Loxley House is a Georgian building situated off Ben Lane in the Wadsley area of Sheffield in South Yorkshire, England. It is a Grade Two Listed building.

==History==
The present building was built in 1826 but the first house on the site was constructed in 1795 by the Reverend Thomas Halliday the Unitarian minister for Norton. This original structure was an imposing building which stood at the head of a drive which led off Ben Lane. Halliday was something of a local entrepreneur who would later construct the Robin Hood Inn at Little Matlock in Loxley in 1804. In 1808 Halliday sold the house to Thomas Payne and it was the Payne family who completely rebuilt it as Loxley House in 1826. The new house was much more impressive in style than the previous building having three storeys and three wide set bays as well as striking Venetian windows.

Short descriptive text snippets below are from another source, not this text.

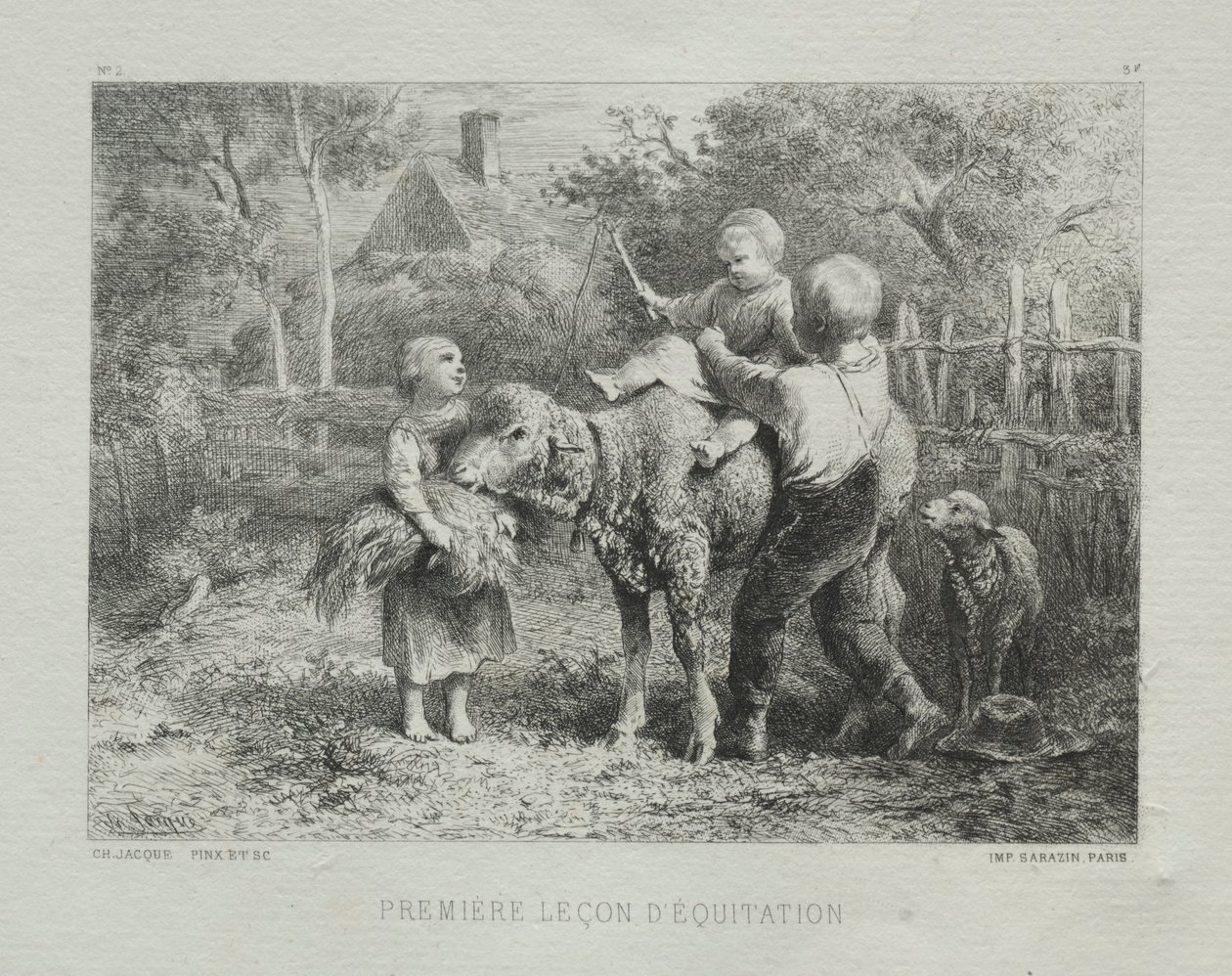 Pierwsza lekcja jazdy konnej. autorstwa Charles Emile Jacque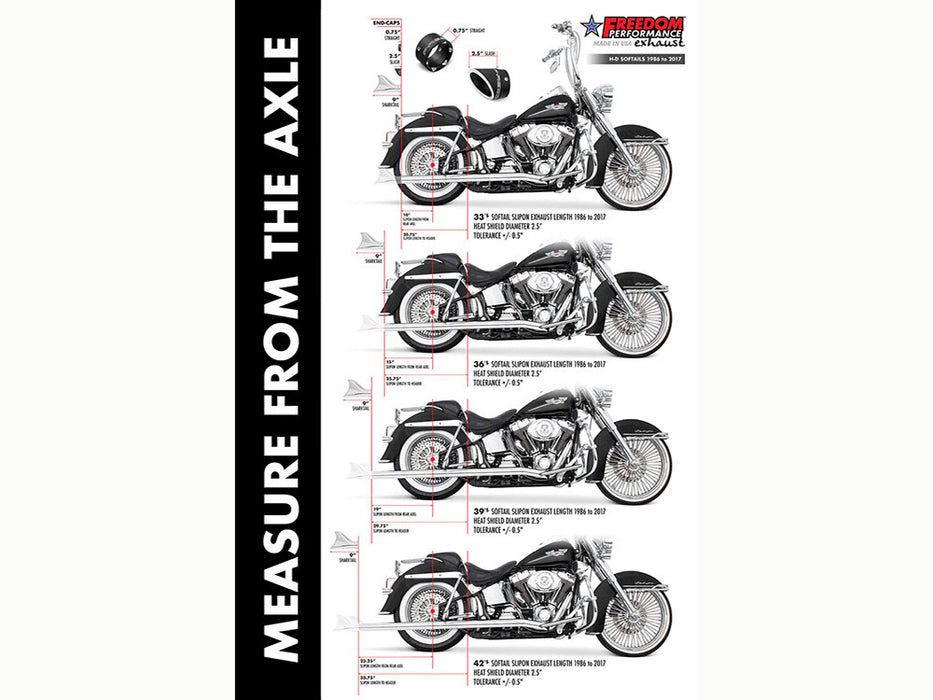 39in. True Dual SharkTail Exhaust - Chrome. Fits Softail 1997-2006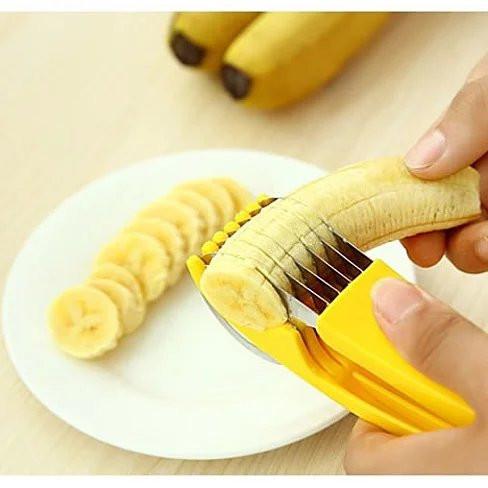 Go Bananas Bite Size Banana Slicer with stainless steel blades, designed for easy and fun banana slicing.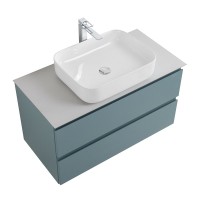 Тумба под раковину со столешницей BelBagno Kraft 90 подвесная, матовая голубая, столешница kep-90-bo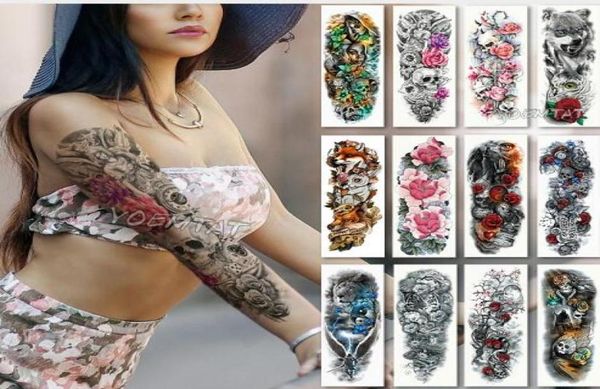 Grand bras manches tatouage imperméable temporaire tatouage autocollant crâne lotus hommes pleine fleur Tatoo corps Art tatouage girl4850255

The house remained the property of the Payne family until 1895 with the last member of that family taking up residence in the 1860s. This was the eccentric Doctor Henry Payne who fell out with the local populace and vicar at the nearby Wadsley Parish Church over a right of way across Wadsley Common which was part of Dr. Payne's estate. So virulent was the dispute with the vicar that Payne said he would never go to church again and as a result was buried within the grounds of Loxley House without ceremony in an unmarked brick vault.

In 1895 Alderman William Clegg bought Loxley House, Clegg was something of a local celebrity having played football for Sheffield Wednesday in the 1870s, making two appearances for England. Clegg was leader of the Sheffield City Council for many years and became Lord Mayor of Sheffield in 1898. The house had two more tenants after William Clegg left until World War I when two spinster nieces of Dr. Payne were living there. That was the last time that the house was used as a private residence.

In 1919 the house was taken over by the Cripples Aid Association and later was used by the Sheffield Sea Cadet Corps as a base for many years. In 1996 the house was put up for sale and was bought by the property developers Campbell Homes who have turned it into luxury flats and apartments.